Christopher T. Clark
Yes. Absolutely.
I mean, if you look at it in the quarter, against the Australian dollar, the U.S. dollar strengthened 11%, similar movement against the Brazilian real, similar movement against the Indian rupee.
I mean, some of these are smaller organizations force, but there's a lot of them that add up. And, again, as Bret mentioned, these folks are net importers of products, both from U.S.

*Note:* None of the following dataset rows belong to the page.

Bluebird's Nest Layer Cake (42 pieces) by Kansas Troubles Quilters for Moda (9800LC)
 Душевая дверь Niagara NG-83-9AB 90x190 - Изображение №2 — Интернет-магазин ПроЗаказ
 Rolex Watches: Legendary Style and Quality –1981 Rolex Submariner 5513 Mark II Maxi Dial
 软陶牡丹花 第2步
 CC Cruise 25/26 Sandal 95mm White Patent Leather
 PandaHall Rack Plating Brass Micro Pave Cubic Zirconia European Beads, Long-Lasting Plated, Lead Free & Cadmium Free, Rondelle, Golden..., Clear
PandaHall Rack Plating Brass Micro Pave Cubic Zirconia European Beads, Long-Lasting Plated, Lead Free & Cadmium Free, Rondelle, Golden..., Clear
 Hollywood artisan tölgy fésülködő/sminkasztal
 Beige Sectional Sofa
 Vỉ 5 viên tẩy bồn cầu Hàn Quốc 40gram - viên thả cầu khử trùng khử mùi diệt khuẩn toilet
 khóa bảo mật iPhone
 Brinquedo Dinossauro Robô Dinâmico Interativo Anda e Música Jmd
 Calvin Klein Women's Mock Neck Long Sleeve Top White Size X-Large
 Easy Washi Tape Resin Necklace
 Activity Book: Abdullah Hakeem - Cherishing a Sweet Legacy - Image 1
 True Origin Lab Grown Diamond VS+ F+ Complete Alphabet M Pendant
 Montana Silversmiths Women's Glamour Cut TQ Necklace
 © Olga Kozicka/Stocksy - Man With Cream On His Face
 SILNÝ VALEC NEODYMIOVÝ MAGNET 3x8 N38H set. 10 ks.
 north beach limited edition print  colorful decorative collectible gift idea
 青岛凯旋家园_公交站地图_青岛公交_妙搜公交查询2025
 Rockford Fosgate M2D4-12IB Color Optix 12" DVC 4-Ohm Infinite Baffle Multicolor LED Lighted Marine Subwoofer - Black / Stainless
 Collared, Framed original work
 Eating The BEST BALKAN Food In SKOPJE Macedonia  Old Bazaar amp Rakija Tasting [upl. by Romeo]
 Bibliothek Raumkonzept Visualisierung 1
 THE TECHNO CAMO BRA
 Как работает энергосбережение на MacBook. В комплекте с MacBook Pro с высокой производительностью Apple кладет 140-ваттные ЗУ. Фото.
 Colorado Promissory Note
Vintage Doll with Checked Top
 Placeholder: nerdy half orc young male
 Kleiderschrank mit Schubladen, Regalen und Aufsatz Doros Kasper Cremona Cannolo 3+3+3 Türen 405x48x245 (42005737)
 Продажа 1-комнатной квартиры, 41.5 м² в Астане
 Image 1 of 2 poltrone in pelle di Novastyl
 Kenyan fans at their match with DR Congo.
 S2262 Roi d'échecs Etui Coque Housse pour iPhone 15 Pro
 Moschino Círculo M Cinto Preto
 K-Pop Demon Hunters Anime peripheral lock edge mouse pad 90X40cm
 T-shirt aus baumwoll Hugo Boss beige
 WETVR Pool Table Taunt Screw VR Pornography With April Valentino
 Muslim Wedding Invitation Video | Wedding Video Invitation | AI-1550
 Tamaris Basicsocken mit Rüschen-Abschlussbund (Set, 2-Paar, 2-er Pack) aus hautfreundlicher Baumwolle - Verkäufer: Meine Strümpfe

and from Europe in terms of our products. And so as such, as their home currencies weaken, those foreign-sourced products become more expensive for them.
And so, obviously, their profits obviously translate to fewer U.S. dollars as well.
Operator
And next, we'll hear from Glen Santangelo with Crédit Suisse.
Diego Hernandez
It's actually Diego filling in for Glen. I was just wondering if we could get a quick update on sort of the ortho relaunch.
I think where we left it last quarter, the things were tracking well in line with your expectations. Any color around that would be helpful.
Bret W. Wise
Yes. I think we're pretty much -- very much still in line, Diego, relative to what we expected.
I would say we kind of characterize it as saying this next phase was going to be a street fight slugging it out, really, customer by customer with competition. I think that ortho Japan together really didn't have a meaningful impact necessarily on our overall growth for the quarter or internal growth for the quarter.
We saw some solid customer gains, particularly in the U.S., in the quarter. So we feel good about that.
But, again, I think that we're now beginning to run up against kind of the prior year relaunch. We kind of ran up against it in the second quarter in Europe, and now we're going to begin running up against that in the U.S.
in terms of some baselines that had customer restocking efforts in it. So -- but, again, the way we're really measuring this is at a customer level in terms of, again, that street fight, and we're pleased with how our teams are doing, particularly in the U.S.
right now.
Operator
And there are no further questions at this time. I would like to turn the conference back over to Mr.
Leckow for any additional or closing remarks.
Derek W. Leckow
Well, thank you. Thanks for your interest in DENTSPLY, and thanks for your participation today.
That concludes our conference call. If you have any questions, I'm around today for any follow-ups.
Thank you.
Operator
And that will conclude today's call. We thank you for your participation.